Un été inoubliable : Le Jardin du diable
Suite à son visionnage sur le site d’ARTE, retour sur le titre de Lucian
Pintilie.
Actrice aristocratique, Kristin
Scott Thomas incarne une aristocrate altruiste, alcoolique in extremis, affirme/se
souvient en voix off son fils. Western dépressif, dont la scène de bain
sensuelle, innocente, à nudité « frontale », enfantine, étreinte
soudaine, mousse à raser essuyée, chocolat inaccessible aux locaux, rappelle
celle de Un nommé Cable Hogue (Peckinpah, 1970), Un été inoubliable (Pintilie,
1994) forme avec Le Chêne (Pintilie, 1992) un diptyque géographique,
géopolitique, où des couples sympathiques s’opposent à une insanité
généralisée, durant les années 20 ou sous Ceaușescu. Il s’agit d’une
tragi-comédie, commencée comme du Tinto Brass, c’est-à-dire au bordel, bientôt
fermé le temps d’un week-end, because bal de notables. Une prostituée
callipyge, d’origine hongroise, à la colère révolutionnaire, les défie de ses
fesses à la fenêtre, se fait fissa tabasser par un familier, ainsi le
nationalisme sexué musèle/soumet le féminisme furieux.
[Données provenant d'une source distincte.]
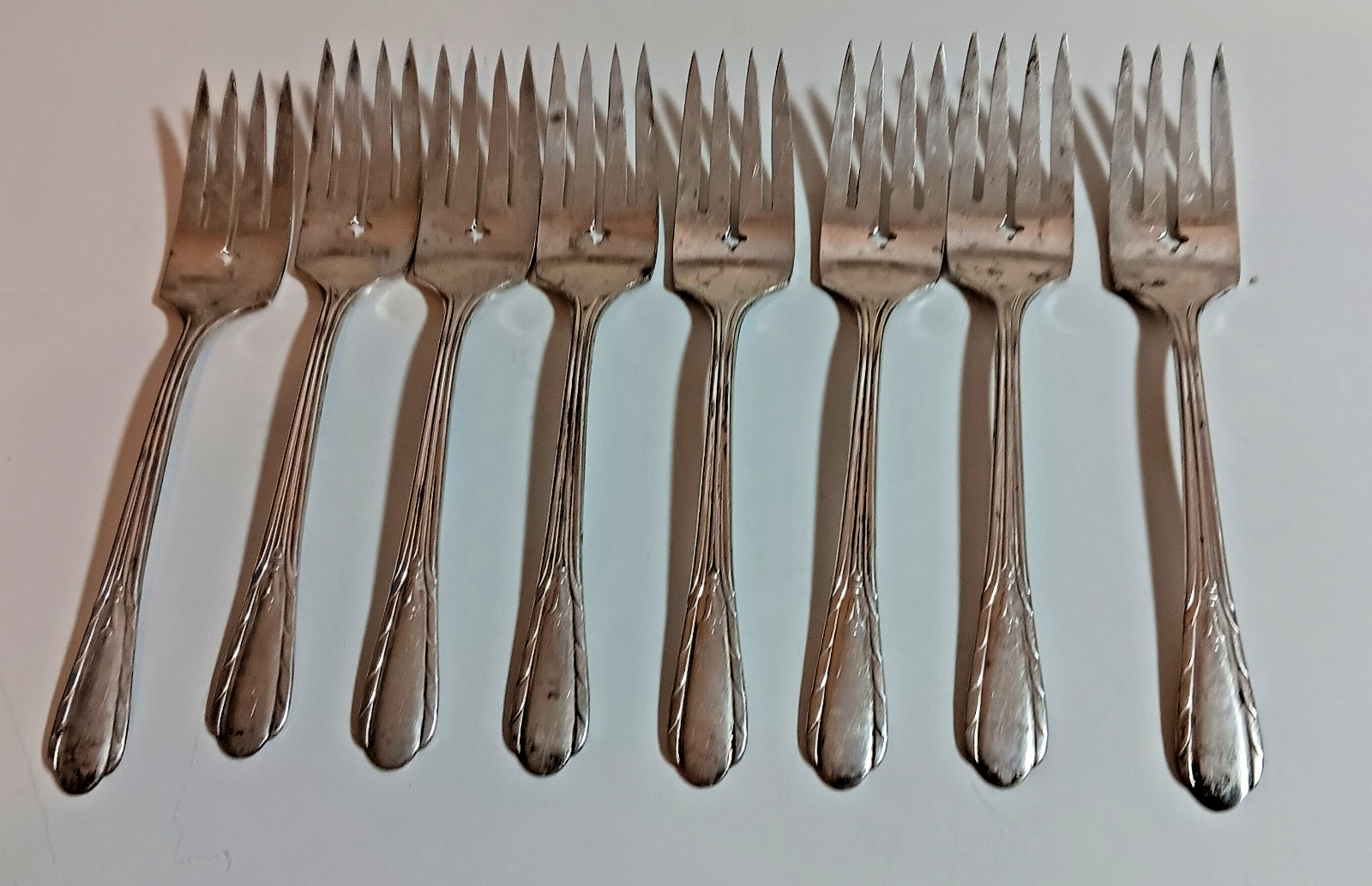 Vtg Lot 1930’s Oneida 8 LYNNWOOD, MEMORY, Genesee Silverplate Salad Forks, 6 1/8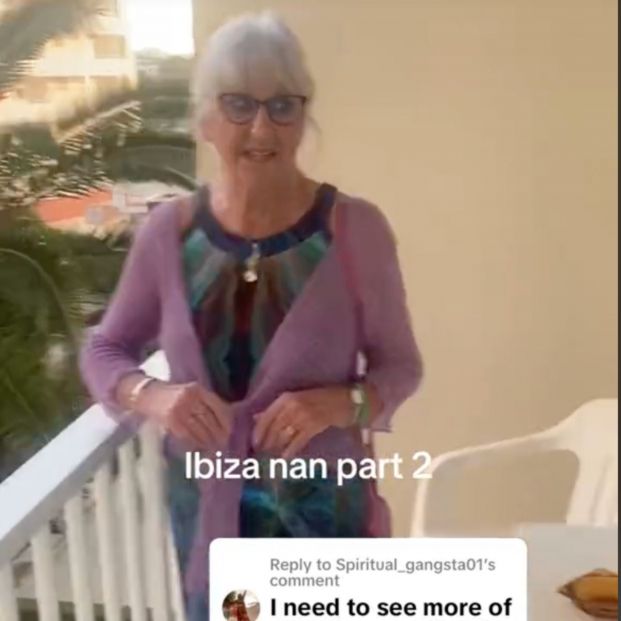 VÍDEO: El viaje viral de una abuela y su nieta a Ibiza (TikTok) VÍDEO: El viaje viral de una abuela y su nieta a Ibiza (TikTok)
En effet, ce film
appréciable affiche une femme fréquentable, joyeuse, audacieuse, courageuse, en
définitive dessillée, désabusée, presque lynchée par des veuves vénères, Euménides
montagnardes, au milieu de moutons, mince. Entre Louise Brooks & Karen
Blixen, Marie-Thérèse, issue de Budapest, dotée d’un prénom composé doublement
connoté, affole un officier, s’adapte à l’âpre territoire, fréquente les
jardiniers bulgares, leur apporte à boire, leur raconte une rassurante histoire,
sur la route de l’abattoir. Hélas, la salade pacifique devient vite acide, car
l’héroïne découvre la vile, vaine violence de
visu, linceul improvisé soulevé sur un visage de soldat mutilé par de
mystérieux contrebandiers. Son mari à monocle moqué, muté, tourmenté, malmené, ses
marmots inconscients des événements, l’humanisme de la claveciniste
mozartienne, de la lectrice proustienne, ne pèse pas lourd, mon pauvre amour,
face à la folie masculine, militaire, macédonienne, roumaine, aux causes
pseudo-historiques.
Tandis que les mecs minables se
comportent en petits coqs, se dessinent de sinistres sourires à la Hugo, à la
Joker, les épouses (se) désespèrent, chœur éloquent rendu muet par le malheur. Survivante
auparavant violée, dixit la commère
momifiée, en comité, méprisant la « peste communiste », Marie-Thérèse
la mal-aimée cherche à enchanter la réalité, à la rendre légère, savoure la
vue, l’air, s’imagine à proximité du mont Fuji, eh oui. Mais ensablé au sein
malsain de cet ersatz du Désert des Tartares, sinon des
barbares, déjà cartographié, délocalisé, selon Le Fou de guerre (Dino
Risi, 1985), le miroir se brise, balle intrusive, ses illusions aussi, alors
que le capitaine dépité, déplacé, ne parvient pas même à se suicider, canasson
nietzschéen en sus. Restauré-numérisé « avec le soutien du CNC », le
métrage à moitié français, totalement précis, soigné, dégraissé, de surcadrages
pertinents ponctué, à Cannes présenté, mérite son exhumation de saison, résonne
en simultané avec la contemporaine guerre des Balkans, interroge le
positionnement européen, acteur/témoin, constitue in situ une satire amère,
une fable/farce en uniforme, où les coups de fusil coupent l’appétit, insecte
compris. Dans Outrages (1989) puis Redacted (2007), De Palma, muni de
crimes commis, de victimes avérées, d’atrocités reflétées, matérialisait une
métaphore : l’invasion (vietnamienne, irakienne) en viol, au propre, au
figuré. Pintilie paraphe le désastre via
un cadavre involontaire, quoique, celui d’une agresseuse anonyme. Si la
remarquable Kristin Scott Thomas ne réussit, hélas, sa Mission impossible (De
Palma, 1996) a posteriori, conclue par des répliques, des notes de musique, très
ironiques, conserve sa vertu bienvenue, malvenue, suivant le point de vue, elle
illumine de son talent immanent, de sa voix évocatrice, de sa beauté
balzacienne, de sa force « oxfordienne », une œuvre favorite,
valeureuse, désormais ressuscitée, tendre été ensanglanté, pas à oublier,
plutôt à célébrer.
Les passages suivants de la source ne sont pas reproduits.